Wherever the world takes you MFT, break the chains and continue to be exceptional. I promise to do the same."
Carolyn Parker
"The path of my life has never been fraught with the danger of a thrill-seeker. Instead I’ve moved with the optimistic enthusiasm of a trusting naif. My energy was focused on the so-called arts and contrived adventures along far flung but well-travelled routes. As I sit now to reflect upon one particular beacon named Mark Twight, I’m challenged to give proper weight to his appearance that cold Winter morning in Montreal.
A week prior I’d heard his name for the first time. My cousins and I, sitting in the shadow of Yosemite’s El Capitan, spoke of moving "fast and light" in the mountains. Twight, they said, was the obvious authority on the matter. Jump ahead seven days and I’m on the set of 300 and shaking Mark's hand in quiet astonishment of such a coincidence and with the nervousness felt before a christening of sweat in the Spartan warehouse he called a gym.
It was 2005, I had an idea of what a gym should look like. They were filled with complicated machines isolating particular muscles. The undeniable exactitude of it all was reinforced by stickers of skinless men whose muscles gleamed as they were targeted. To find myself in Thermopylae’s concrete and drywall expanse with nothing recognizable except a truck tire was shocking and inspiring. I was not struck by the physiques of the stuntmen walking around in their leather shorts and crimson robes but of the creativity that had to be expressed in that space. It wasn’t the gear, it was the thinking that distinguished the 300 gym. That space seemed to be a workshop, a lab, an artist's studio in which Mark was crafting so much more than men. Curiosity piqued, I dove in. And with the film’s release, many more would discover and follow.

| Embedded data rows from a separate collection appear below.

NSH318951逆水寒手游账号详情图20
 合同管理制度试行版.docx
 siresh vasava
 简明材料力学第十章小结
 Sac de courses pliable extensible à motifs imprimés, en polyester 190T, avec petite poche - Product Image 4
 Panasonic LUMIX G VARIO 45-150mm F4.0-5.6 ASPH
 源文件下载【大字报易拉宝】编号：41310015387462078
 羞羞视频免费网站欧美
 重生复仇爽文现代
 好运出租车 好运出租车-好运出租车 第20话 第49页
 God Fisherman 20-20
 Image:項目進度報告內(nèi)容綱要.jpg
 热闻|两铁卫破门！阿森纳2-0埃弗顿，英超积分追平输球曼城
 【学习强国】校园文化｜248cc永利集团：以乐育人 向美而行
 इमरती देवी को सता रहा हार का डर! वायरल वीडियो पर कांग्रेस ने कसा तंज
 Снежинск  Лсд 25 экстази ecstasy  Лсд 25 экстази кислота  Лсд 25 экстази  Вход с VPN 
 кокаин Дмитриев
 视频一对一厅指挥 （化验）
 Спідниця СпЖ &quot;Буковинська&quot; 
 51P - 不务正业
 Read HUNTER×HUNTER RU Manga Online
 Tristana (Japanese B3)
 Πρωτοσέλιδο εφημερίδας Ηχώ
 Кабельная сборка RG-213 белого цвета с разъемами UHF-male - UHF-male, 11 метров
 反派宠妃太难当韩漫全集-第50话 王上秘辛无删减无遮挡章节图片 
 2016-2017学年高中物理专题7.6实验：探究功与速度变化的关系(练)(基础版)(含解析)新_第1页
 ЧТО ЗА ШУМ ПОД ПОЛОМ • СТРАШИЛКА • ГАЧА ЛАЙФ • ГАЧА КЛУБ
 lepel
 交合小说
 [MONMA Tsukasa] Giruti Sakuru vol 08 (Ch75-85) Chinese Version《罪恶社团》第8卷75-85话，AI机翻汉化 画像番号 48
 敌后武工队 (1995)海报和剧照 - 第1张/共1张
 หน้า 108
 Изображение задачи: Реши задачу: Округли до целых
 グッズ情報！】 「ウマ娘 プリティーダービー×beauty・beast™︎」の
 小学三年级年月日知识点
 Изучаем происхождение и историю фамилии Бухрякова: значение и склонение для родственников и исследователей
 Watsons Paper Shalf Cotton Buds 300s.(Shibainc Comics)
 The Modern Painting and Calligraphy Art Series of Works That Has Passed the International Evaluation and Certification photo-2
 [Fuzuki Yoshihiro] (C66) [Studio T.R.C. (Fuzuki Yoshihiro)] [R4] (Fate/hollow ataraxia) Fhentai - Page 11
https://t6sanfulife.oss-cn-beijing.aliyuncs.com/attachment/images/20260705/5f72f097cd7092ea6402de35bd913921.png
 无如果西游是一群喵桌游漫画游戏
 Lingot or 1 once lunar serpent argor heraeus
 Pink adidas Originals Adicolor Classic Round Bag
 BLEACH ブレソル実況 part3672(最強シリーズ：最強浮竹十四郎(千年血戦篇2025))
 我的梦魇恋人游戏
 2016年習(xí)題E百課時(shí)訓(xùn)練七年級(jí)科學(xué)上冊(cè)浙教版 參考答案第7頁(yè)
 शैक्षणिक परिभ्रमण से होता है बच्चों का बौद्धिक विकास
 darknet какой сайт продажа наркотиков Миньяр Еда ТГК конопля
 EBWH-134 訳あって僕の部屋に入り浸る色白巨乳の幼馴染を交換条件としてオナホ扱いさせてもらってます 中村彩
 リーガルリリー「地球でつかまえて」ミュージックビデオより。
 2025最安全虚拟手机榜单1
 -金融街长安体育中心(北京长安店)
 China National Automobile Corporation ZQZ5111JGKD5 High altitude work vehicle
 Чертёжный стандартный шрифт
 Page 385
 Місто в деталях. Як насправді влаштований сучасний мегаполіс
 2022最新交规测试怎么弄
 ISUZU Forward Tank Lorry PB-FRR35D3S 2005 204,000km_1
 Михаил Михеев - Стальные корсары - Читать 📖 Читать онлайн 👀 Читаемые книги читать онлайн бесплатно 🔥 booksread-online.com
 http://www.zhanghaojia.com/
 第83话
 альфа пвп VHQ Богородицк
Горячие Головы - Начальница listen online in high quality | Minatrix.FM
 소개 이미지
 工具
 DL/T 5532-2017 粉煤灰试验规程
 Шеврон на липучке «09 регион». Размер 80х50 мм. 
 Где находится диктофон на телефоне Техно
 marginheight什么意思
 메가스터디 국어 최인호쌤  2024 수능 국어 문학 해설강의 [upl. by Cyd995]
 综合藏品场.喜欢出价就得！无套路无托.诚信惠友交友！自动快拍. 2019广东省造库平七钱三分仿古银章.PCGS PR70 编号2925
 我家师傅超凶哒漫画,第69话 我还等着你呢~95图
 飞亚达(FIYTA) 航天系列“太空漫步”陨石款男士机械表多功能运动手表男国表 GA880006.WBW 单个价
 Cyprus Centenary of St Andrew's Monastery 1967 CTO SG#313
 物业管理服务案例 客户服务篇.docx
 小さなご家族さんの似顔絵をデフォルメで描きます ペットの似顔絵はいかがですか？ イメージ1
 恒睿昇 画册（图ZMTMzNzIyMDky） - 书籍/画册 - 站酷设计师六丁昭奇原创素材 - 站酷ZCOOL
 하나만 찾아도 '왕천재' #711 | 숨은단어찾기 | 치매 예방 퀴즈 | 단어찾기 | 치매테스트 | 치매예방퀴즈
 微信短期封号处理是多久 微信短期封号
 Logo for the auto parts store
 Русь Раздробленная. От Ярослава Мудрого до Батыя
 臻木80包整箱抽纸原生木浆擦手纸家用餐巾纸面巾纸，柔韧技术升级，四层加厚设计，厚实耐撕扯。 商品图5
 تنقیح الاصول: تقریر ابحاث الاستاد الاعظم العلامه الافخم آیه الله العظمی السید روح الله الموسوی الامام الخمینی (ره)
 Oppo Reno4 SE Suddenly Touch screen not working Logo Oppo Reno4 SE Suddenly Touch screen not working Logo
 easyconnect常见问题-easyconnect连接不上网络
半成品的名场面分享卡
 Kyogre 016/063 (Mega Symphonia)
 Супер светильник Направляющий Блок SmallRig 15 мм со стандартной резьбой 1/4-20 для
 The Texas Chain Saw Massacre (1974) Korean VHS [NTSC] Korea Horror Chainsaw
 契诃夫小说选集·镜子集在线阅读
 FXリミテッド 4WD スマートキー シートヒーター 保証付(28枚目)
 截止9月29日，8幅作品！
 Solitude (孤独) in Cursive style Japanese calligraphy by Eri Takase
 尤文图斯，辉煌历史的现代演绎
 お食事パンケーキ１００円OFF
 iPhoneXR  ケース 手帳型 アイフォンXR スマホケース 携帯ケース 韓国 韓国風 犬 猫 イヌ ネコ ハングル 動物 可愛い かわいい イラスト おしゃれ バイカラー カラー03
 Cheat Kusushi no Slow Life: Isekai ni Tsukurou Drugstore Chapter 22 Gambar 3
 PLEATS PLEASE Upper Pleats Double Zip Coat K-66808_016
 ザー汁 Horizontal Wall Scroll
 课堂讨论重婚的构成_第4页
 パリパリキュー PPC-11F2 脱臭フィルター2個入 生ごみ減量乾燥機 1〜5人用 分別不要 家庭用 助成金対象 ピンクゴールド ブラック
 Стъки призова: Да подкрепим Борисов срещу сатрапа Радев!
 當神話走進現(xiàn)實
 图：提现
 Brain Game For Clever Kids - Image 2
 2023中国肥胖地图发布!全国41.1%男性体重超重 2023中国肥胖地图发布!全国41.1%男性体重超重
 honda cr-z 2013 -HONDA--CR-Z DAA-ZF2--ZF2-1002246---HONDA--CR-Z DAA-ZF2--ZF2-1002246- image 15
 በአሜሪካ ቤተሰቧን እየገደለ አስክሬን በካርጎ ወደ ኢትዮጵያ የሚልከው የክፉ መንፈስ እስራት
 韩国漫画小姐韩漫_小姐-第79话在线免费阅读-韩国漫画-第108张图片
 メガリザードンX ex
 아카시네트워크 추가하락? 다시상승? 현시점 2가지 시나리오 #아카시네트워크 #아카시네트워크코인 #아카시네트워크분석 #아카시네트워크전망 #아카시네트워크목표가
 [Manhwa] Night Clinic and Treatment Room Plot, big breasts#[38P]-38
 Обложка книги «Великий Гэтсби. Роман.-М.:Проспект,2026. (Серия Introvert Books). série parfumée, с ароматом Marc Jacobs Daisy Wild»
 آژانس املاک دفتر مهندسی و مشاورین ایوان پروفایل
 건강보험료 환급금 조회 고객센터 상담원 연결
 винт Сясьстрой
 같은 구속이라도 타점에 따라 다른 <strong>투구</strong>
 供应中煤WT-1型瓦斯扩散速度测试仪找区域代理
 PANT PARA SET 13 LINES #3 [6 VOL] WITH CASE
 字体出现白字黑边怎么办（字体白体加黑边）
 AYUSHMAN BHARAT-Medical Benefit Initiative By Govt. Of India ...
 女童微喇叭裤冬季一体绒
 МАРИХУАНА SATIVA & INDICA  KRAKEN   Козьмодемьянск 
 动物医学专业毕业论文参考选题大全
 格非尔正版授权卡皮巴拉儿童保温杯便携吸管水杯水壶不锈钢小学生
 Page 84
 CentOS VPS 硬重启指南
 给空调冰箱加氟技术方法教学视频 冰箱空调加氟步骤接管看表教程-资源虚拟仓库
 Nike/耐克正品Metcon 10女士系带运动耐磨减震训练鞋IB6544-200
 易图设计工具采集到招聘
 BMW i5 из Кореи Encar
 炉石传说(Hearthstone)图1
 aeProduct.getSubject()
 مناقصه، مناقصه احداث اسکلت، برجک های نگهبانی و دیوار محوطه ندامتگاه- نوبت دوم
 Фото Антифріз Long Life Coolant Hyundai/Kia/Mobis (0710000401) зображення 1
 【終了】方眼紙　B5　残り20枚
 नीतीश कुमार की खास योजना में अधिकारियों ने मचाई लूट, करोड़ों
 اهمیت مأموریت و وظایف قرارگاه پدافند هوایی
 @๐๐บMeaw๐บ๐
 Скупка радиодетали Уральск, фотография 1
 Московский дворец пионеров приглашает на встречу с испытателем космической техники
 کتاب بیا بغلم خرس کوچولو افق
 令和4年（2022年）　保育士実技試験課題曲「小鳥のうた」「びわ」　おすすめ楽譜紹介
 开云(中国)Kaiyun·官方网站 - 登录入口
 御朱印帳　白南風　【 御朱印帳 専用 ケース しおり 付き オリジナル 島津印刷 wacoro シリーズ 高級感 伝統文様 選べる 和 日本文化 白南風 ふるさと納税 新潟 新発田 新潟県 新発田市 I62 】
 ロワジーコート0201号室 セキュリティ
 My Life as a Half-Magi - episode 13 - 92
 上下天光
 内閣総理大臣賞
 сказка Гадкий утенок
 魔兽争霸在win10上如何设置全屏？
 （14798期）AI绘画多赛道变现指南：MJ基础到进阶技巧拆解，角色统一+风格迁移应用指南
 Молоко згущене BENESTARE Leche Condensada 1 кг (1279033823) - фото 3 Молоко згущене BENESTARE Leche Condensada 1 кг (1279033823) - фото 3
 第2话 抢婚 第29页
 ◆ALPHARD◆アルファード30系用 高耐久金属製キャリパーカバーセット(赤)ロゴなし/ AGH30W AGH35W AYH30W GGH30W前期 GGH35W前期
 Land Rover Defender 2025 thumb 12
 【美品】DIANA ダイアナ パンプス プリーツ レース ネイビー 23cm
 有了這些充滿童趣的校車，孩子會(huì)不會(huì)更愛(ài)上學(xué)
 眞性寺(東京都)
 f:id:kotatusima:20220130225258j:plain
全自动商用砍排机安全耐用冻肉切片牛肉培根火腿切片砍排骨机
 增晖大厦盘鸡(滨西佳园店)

Learning and experimentation begat friendship, friendship swirled with work, and time honed it all into today’s good fortune. Mark Twight is someone I get to greet almost daily with a smile. I get to train in an on-set gym not dissimilar to that 300 gym (albeit better stocked with the trappings of an evolved enterprise). Eleven years later, the spirit of creativity has not wavered. Inspiration and deep understanding remain a paramount concern, and his pursuits, discoveries and thoughts, generously shared, now affect legions of people better for it.
I know in my heart that my life was changed in Montreal., that my body was changed by Mark's instruction and that I remain inspired. My optimism hurtles me forward, confident in Mark’s continued effort. For all of it, I am grateful."